The Daily Dahlia

Following James Elroy’s wondeful study of a gruesome murder in 50s L.A., The Black Dahlia, crime hackette Lynda La Plante has written a money-spinning rip-off called The Red Dahlia, set fifty years after the first murder, timed to coincide with the release of the Scarlett Johansen movie and plagiarising large portions of its illustrious predecessor (I’ve not read the book, I’m just assuming this). However, La Plante has missed out a key part of Elroy’s fiction, which is slight references to a recognisable and real popular character involved on the peripheries of the plot, and also a touch of corrupted authority. Which is why I present to you this day this exclusive excerpt from my forthcoming novellete / vpdodcast / mystery play “Joseph And The Amazing Technicolour Dahlia”;

Joseph enters the room. His shaggy knuckles are pulling together his shabby multicoloured coat of dreams and he’s obviously drunk; stumbling, mumbling, filthy. He could even be a journalist.
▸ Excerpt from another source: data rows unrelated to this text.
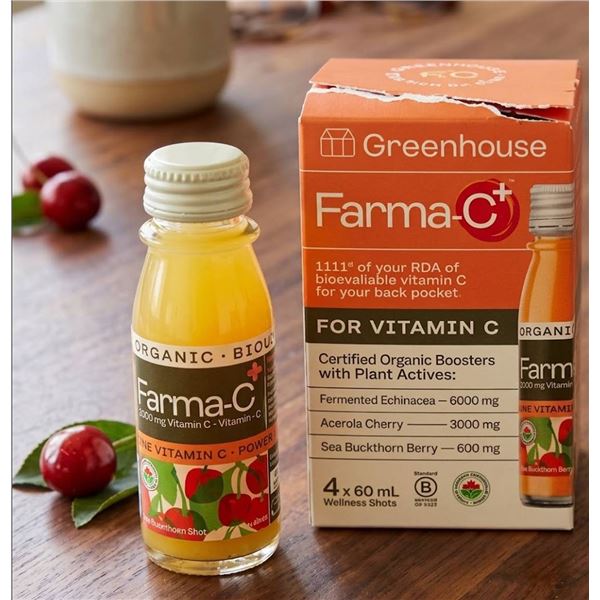 Lot of 2 - Greenhouse Farma-C+ Organic Vitamin C Booster 4 x 60ml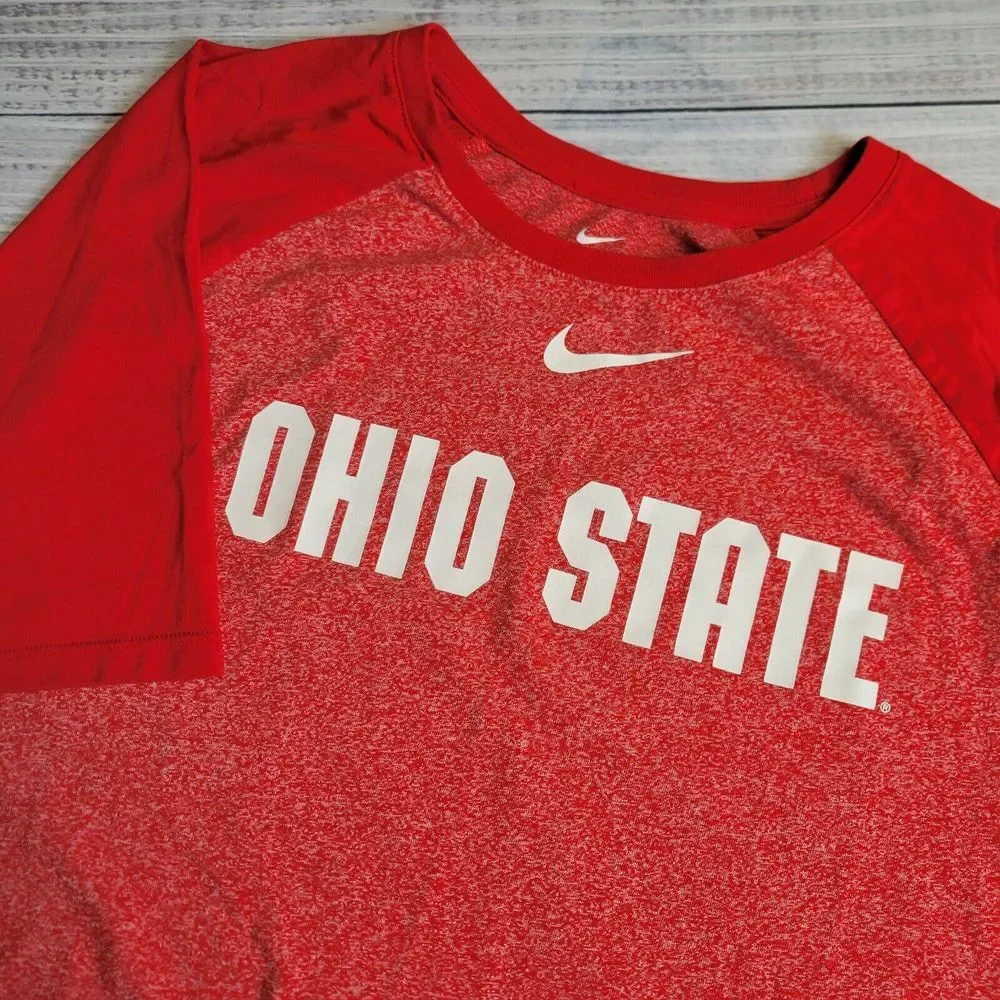 Nike Tee Dri Fit Ohio State Buckeyes Short Sleeve Shirt Mens XL Two Tone Red‎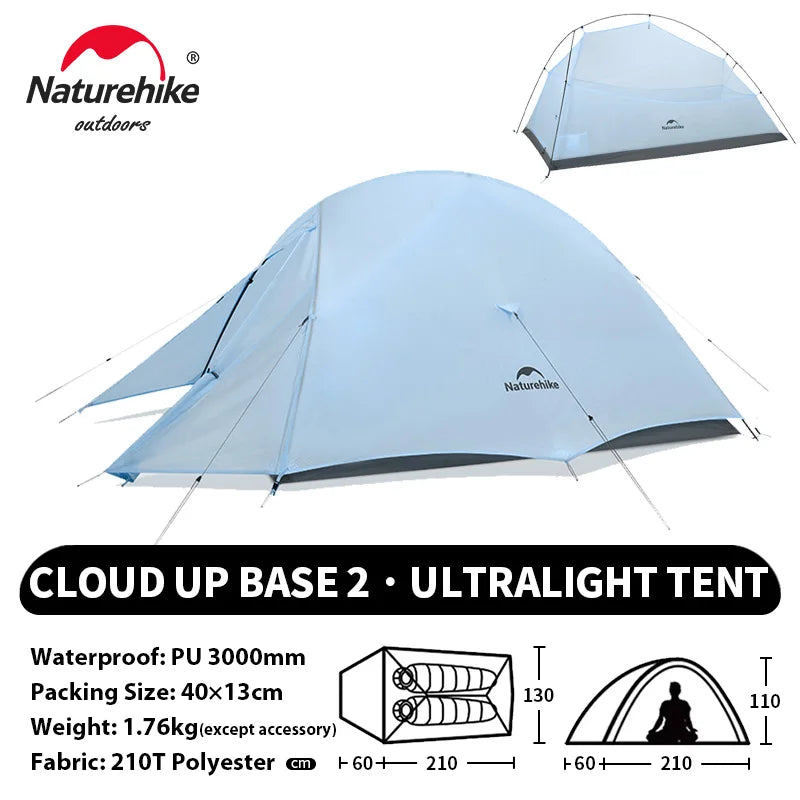 Naturehike Cloud Up 1 2 3 Person Camping Tent Ultralight Waterproof Trekking Tents Hiking Backpacking Shelter Tent Travel Tent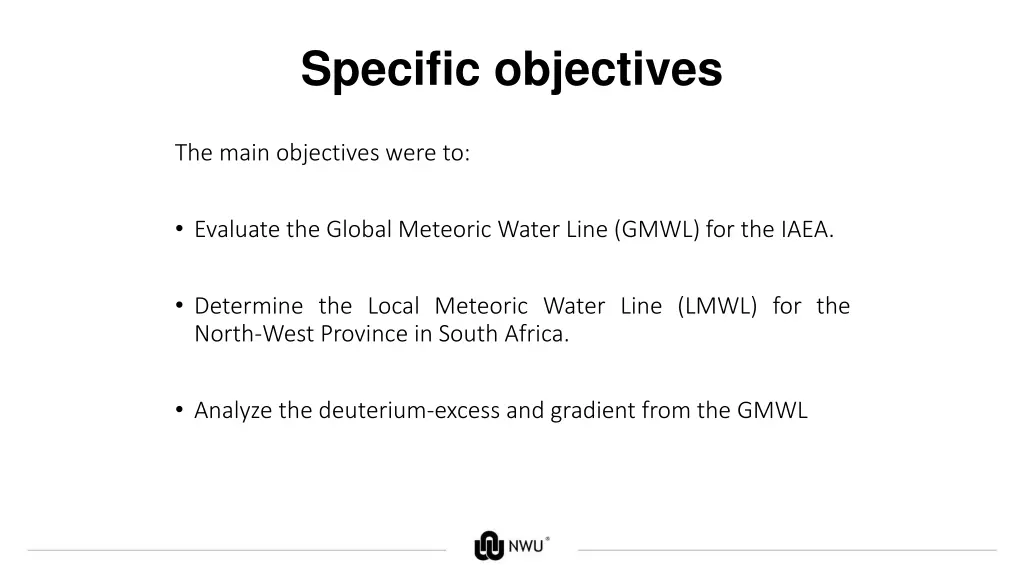 specific objectives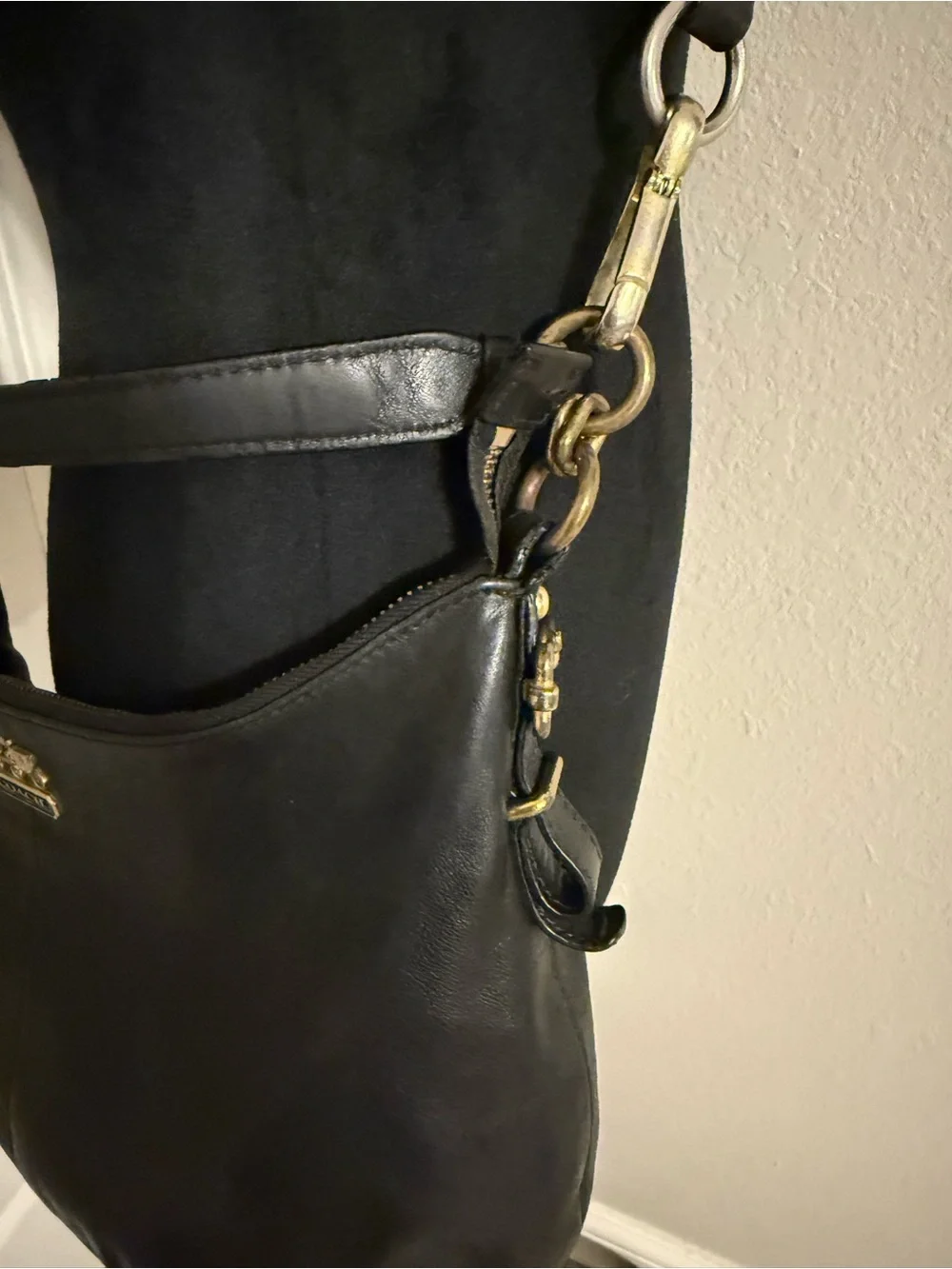 Coach Black Leather Hobo with Gold Hardware - Coach Madison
Joseph: “A crash of drums, ugh, dum-de-dum, a flash of li-ur-hic, I need a shite, yarr, balls.”
Joseph collapses in a corner, his brothers sell his sleeping body to slave traders, he travels to Egypt where he narrowly avoids being blown up by Arab extremists / Israeli pre-emptive surprise airstrikes / errant Western Cruise Missiles and becomes advisor to the democratically elected Pharoah Godking III The Shit, before being reconciled to his randy father and brothers in a touching scene (Warning: no touching). Whilst Joseph is dozing one day, his wife sells his magic hair to a passing salesperson/genie/disguised grand vizier, removing the gift of hard-drinking that has allowed him to charm/booze his way to success in the court of The Shit. After disgracing himself at a state banquet, he is expelled and narrowly avoids becoming a lion’s dinner in the arena by showing off his excellent manicure skills, before wandering out onto the streets, drunken, where he is accosted in exactly the same manner as before by a passing flowerseller. She reaches out to the erstwhile bigwig’s drunken figure, holding in her hand a bushy tuberous perennial which she hopes to exchange for goods or indeed services.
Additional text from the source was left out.